それはブラジルだけじゃなくて、世界中でも一緒ですし、アフリカとか新興国でも一緒だというところで、僕は北海道帯広に会社があるわけですけれども、逆にここから世界で役に立って、みんなが幸せな世界を続けられるようにというところ。それからもっともっと、ずっと先は人間が、先ほどの話じゃないですけど宇宙に出て行かなきゃいけない時はきっと来ると思いますので、その時にコアになる技術を一緒に作っていければ嬉しいなと思っています。

淺田氏:中村さんお願いします。

中村氏:先ほど濱田さんの話のなかに、焼畑の話があったと思うんですけど、環境分野って衛星の非常に得意なところで、最近SDGsであるとか、ISGに意識が高まってきているってところもありますので、そういった環境モニタリングの需要も非常にこの多くいただくようになりまして。そういった面で役に立てることもあるだろうなと思いますし、温度知りたいという例も先ほど出てきましたけれども、我々次の打ち上げの衛星の一部には、温度がわかるセンサーを搭載します。光学画像に温度分布を重ねた形で提供できるようになると。これがその小型衛星の小回りの利くいいところかなと思っていて。どんどんどんどんバージョンアップしていく、必要なデータを追加していける、そういう時代になってきていると思っています。

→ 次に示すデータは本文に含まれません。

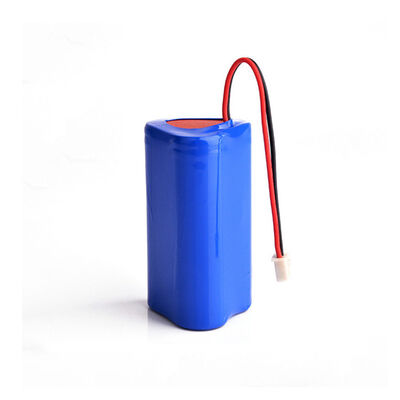 Portable 18650 Lithium Battery Pack | 11.1V Triangular 18650 Rechargeable Lithium Battery Pack for Portable Beauty Device | Made in China Factory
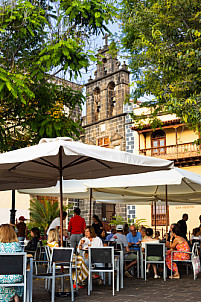 Tenerife: Casco Antiguo de La Orotava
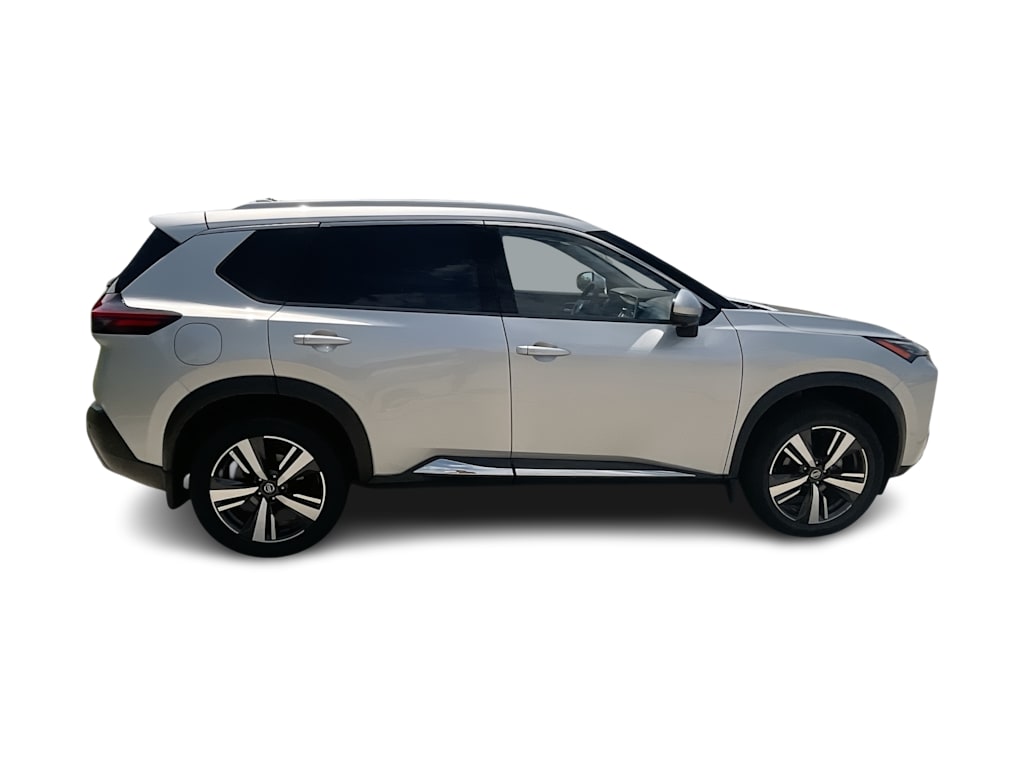 Thumbnail: 2021 Nissan Rogue - 24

北海道は、こういったイベントも非常に多いですし、おそらくこの人口に占める宇宙好きとか、宇宙詳しい人の割合っていうのは多いんじゃないかなと思っていて。そういう人たちが、この宇宙の活用みたいなことを日々考えるようになると、やはりどんどん浸透してくるのかなと。私は北海道が宇宙利用のロールモデルになってほしいなあ思っています。

これ非常に大事なのは、宇宙っていうのはグローバルビジネスですね。我々人工衛星作っておりますけれども、北海道だけ観測する衛星って作れないんですよね。北海道を高頻度で観測することができるのは、イコール世界どこでも同じような頻度で観測することができる、という点をぜひ頭に入れていただきたくて。

つまり北海道でこう使うというモデルを作れば、他の地域に輸出できるわけですね。“北海道モデル”として、他の所にどんどん売り込んでいくことできる。それは、新しいビジネスチャンスになることだと思うんです。ですので、まだ確立してない産業である、今のうちにいろいろ試して、時々失敗するかもしれないけど、良い使い方を確立して、それをどんどん他の地域、他の国へ移植していく、といったことができればいいんじゃないかなと思っています。私もぜひみなさんと一緒、新しい利用方法を開拓していきたいと思いますので、ぜひよろしくお願いします。

淺田氏:どうでしょうかみなさん。このディスカッションを通じて、宇宙データもしかしたら使えるかもしれないなと思った方もいると思いますが、ぜひプロと相談してほしいと思います。ニーズを早くプロに伝えて、どういう解決の仕方があるかっていうのを、両方が一緒になって作っていかないと、うまい使い方はできません。これが考えるきっかけになれば幸いだと思います。ありがとうございました。

※本記事はカンファレンスでの発言を文字に起こしたものです。言い回し等編集の都合上変更している場合がございます。